Natto in Japanese food culture
Natto has a strong association with everyday home food, especially breakfast. It is not usually framed as a restaurant showpiece or a tourist-facing specialty. Instead, it belongs to the practical world of the home table: a bowl of rice, a small pack of natto, simple condiments, and a meal that feels ordinary in the best sense.
It is also an ingredient with a divisive reputation. Even among people who care about Japanese food, natto can be the item that feels most unfamiliar because its smell and texture are harder to predict than those of shoyu, miso, or tofu. That does not make it marginal. It makes it highly specific, which is why it carries so much identity inside the broader fermentation cluster.
Seen this way, natto helps round out the site's architecture. It connects fermentation to rice, pantry habits, and ordinary home meals without becoming a recipe page or a health-claims page. It is best understood as a serious everyday ingredient with a strong sensory personality.
Storage notes
Natto should generally be kept refrigerated. Once opened, it is best handled promptly and eaten within a short window for the clearest texture and aroma. Like many fermented foods, it can remain usable beyond the moment it feels ideal, but quality shifts matter.
Freezing is also common if you want to keep natto longer. Texture and aroma can change over time, so the practical goal is to store it cold, use it deliberately, and avoid leaving opened packs around longer than needed. For readers interested in broader pantry use and resourcefulness, this is where natto connects back to zero-waste Japanese cooking.
Frequently asked questions about natto
What is natto?
Natto is a Japanese food made from fermented whole soybeans. It is known for its sticky threads, strong aroma, and deeply savory flavor, and is often eaten over rice in simple everyday meals.
Is natto made from soybeans?
Yes. Natto is made from soybeans that are cooked, inoculated, fermented, and then matured under controlled conditions.
What does natto taste like?
Natto tastes savory, earthy, and deeply fermented, with an aroma and finish that some people read as pungent or slightly ammoniac. People who enjoy it often describe it as rich, layered, and satisfying rather than simply strong.
Why is natto sticky?
Natto develops its sticky, stringy texture during fermentation. That texture is one of its defining traits and is part of why it feels unusual to many first-time eaters.
How do you eat natto?
Natto is commonly eaten over hot rice with shoyu or soy sauce, mustard, scallions, or egg. It can also appear in simple breakfast bowls, hand rolls, and light home meals.

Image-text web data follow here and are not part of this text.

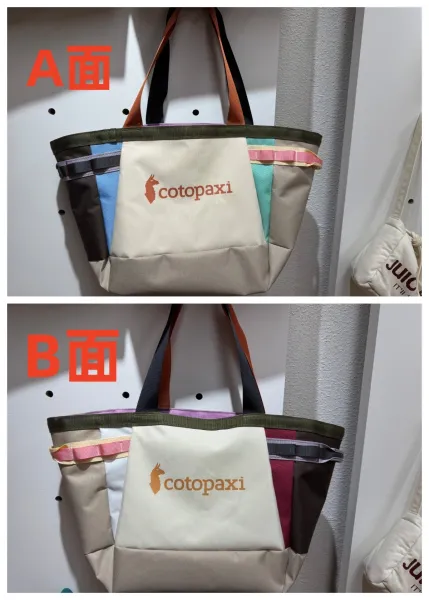 Design Cotopaxi Tres 20L Tote Bag Multicolor Tote Bag - 1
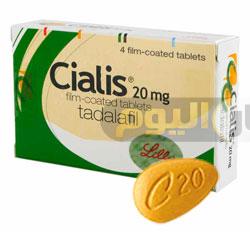 Precio farmacia cialis 20 mg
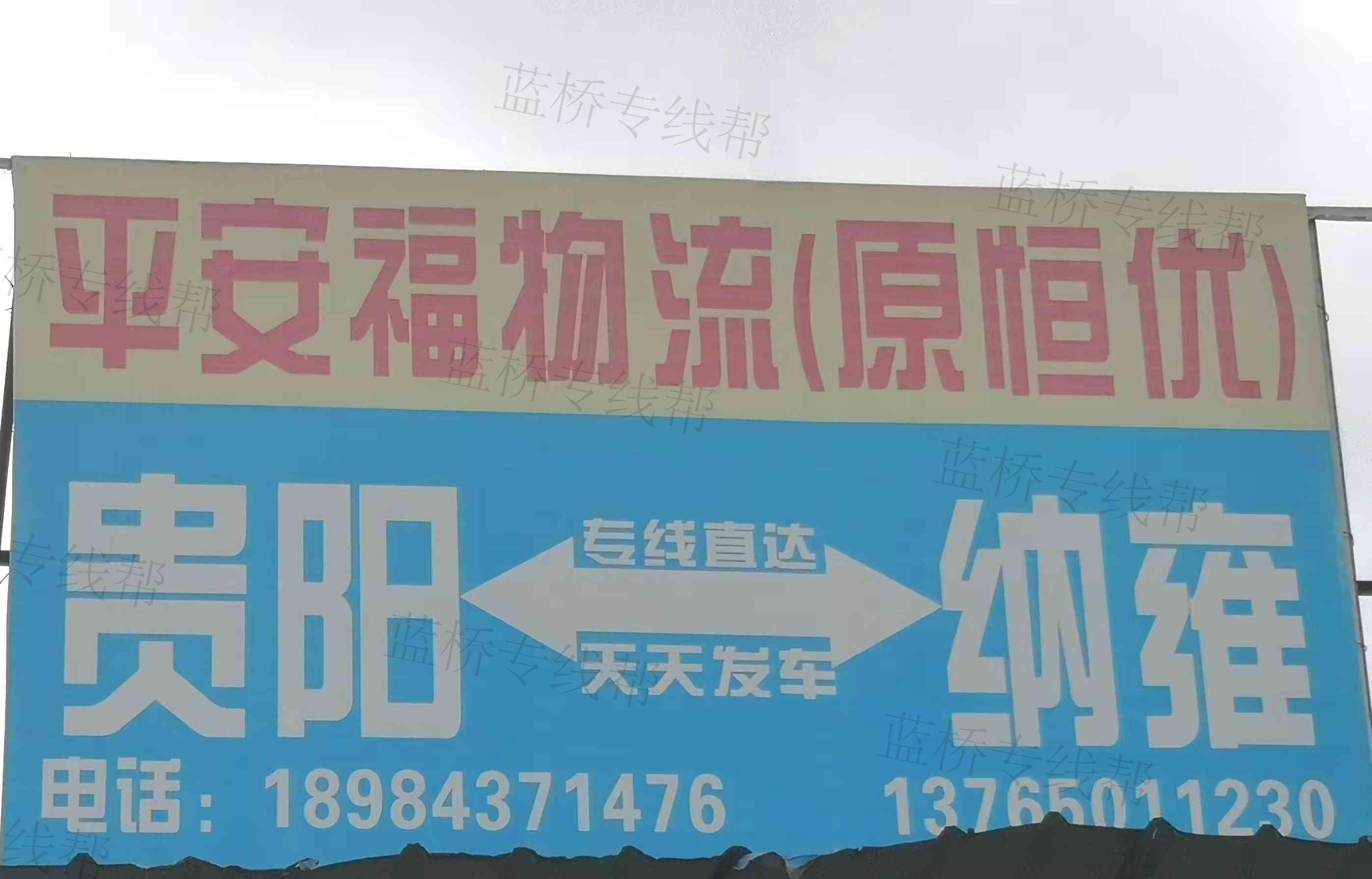平安福物流 (原恒優(yōu))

Is natto the same as miso?
No. Natto is whole fermented soybeans, while miso is a fermented soybean paste. They belong to different branches of Japanese fermentation and are used very differently in the kitchen.
Is natto the same as tempeh?
No. Both are fermented soybean foods, but they come from different fermentation traditions, have very different textures, and are used differently in cooking. Natto is sticky and stringy, while tempeh is firmer and cake-like.
Should natto be refrigerated?
Yes. Natto should generally be kept refrigerated for quality and handled promptly after opening. Freezing is also common when you want to hold it longer without using it immediately.
What natto should beginners start with?
Start with a plain, everyday natto rather than a strongly seasoned variation. Eat it over hot rice with a small amount of shoyu and mustard, mix it well, and keep the first portion modest so you can judge it in context.